Segundo Lins, os dados demonstram que há um esforço do setor para tomar informações mais disponíveis, além do acesso aos produtos precisar avançar na mesma medida, especialmente dentro dos núcleos populacionais de mais baixa renda e maiores níveis de informalidade: “Se trabalharmos para educar as pessoas de baixa renda, mas elas não conseguem contratar os produtos que temos hoje, há uma frustração. Também é preciso reconhecer que essas pessoas nem sempre têm a melhor experiência com os produtos contratados, pois a expectativa de indenização é diferente. São inúmeras situações singulares que desafiam o regulador”, comentou.
De acordo com a Fenaprevi, a nova realidade geracional de emprego e renda devem ter ofertas de produtos cada vez mais alinhados ao passo que a indústria de seguros terá.

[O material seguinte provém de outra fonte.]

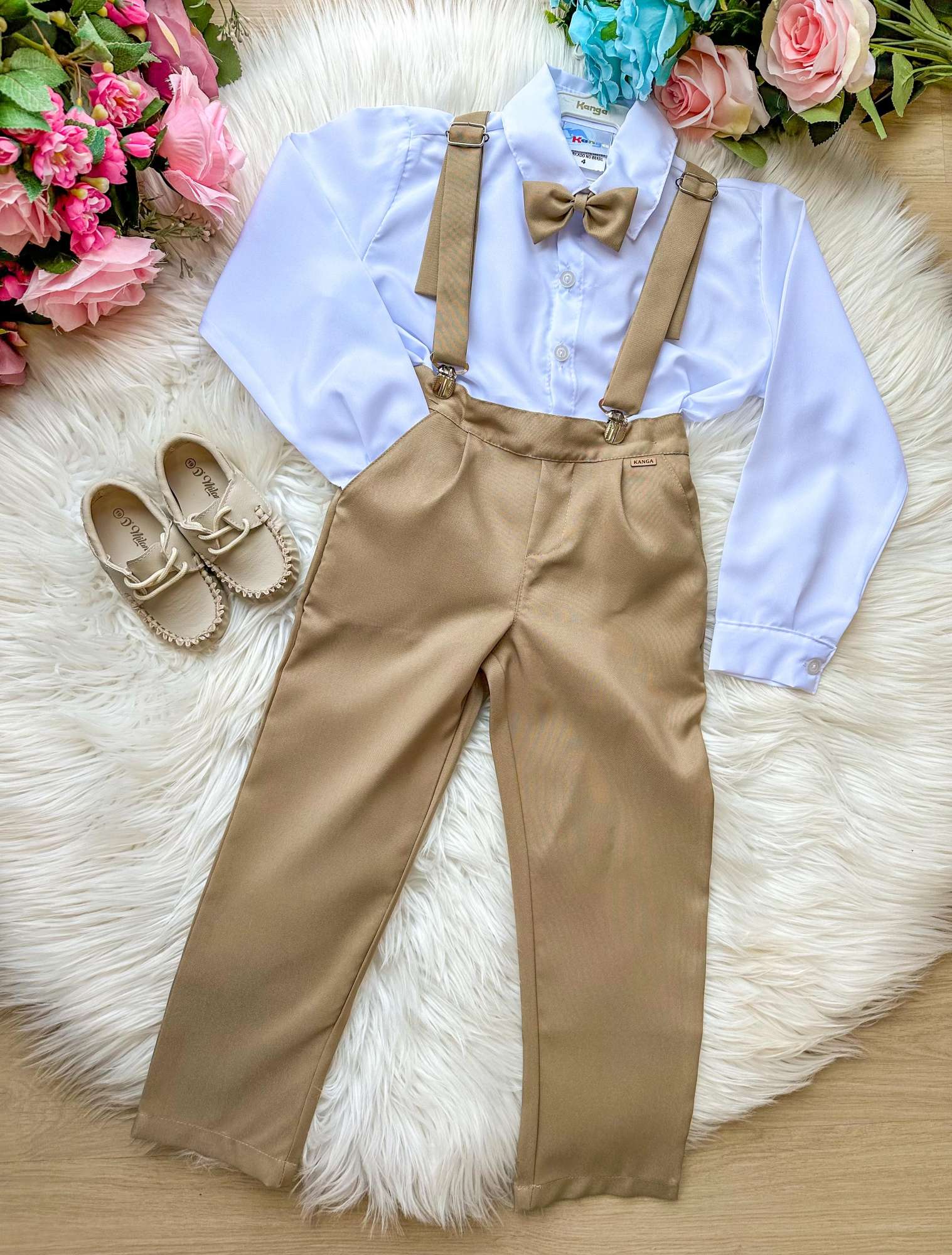 Conjunto Kanga Social Gustavo Marrom Castor Suspensorio - Estilo Delicado para o Dia a Dia | Bebeloo Kids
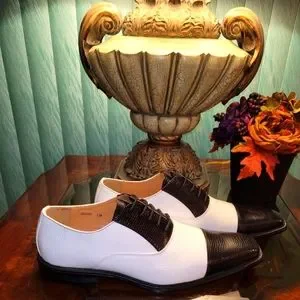 Lucio Ricci Size 13 Mens Blk & White Dress Shoes, Black, Lucio Ricci, Shine, Square Toe - Etsy main image 4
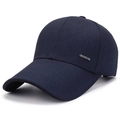 Dunkelblaue Baseballkappe mit langem Schirm, Köpergewebe und Sport-Metalllogo - Verstellbar / Marineblau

Um exemplo claro de produtos que precisam ser desenvolvidos nas novas configurações de trabalho devem ser os voltados para motoboys, como destaca a Federação Nacional de Seguros Gerais (FenSeg): “A moto usada para o trabalho, muitas vezes, é comprada de forma parcelada. A perda desse bem afeta o sustento da família e gera inadimplência. Para quem tem menos renda, menos poupança e menos resiliência financeira, o seguro se mostra ainda mais necessário. No final, não é sobre quanto se paga, mas o que se garante a partir do seguro”, sustenta Ney Ferraz Dias, presidente da FenSeg.
A FenSeg estima que 1,6 e 1,7 milhão de motos são seguradas, sendo considerado um número pequeno diante da frota em circulação (34,4 milhões em 2024).
Emerson Del Re, vice-presidente da Comissão de Seguros Gerais Afinidades da FenSeg, destaca o apelo dos seguros residenciais junto aos donos de pequenos negócios. “Para o empreendedor de baixa renda, o seguro residencial é um investimento no próprio negócio. É um seguro com preços atrativos, com inúmeros serviços agregados, como encanador e eletricista, e que permite continuar produzindo”.
Segundo a Susep, final do ano contará com a publicação de um relatório com os aprendizados obtidos no desenvolvimento de diferentes linguagens e modelos de seguros testados no Sandbox, o ambiente regulatório experimental que incentiva a implantação de projetos inovadores. Esses testes estão sob a supervisão da Susep, e são focados em novos produtos e novas formas de prestar serviços tradicionais. Já foram avaliados 11 projetos em seu primeiro edital do Sandbox e 21 no segundo. A terceira edição foi anunciada para 2025.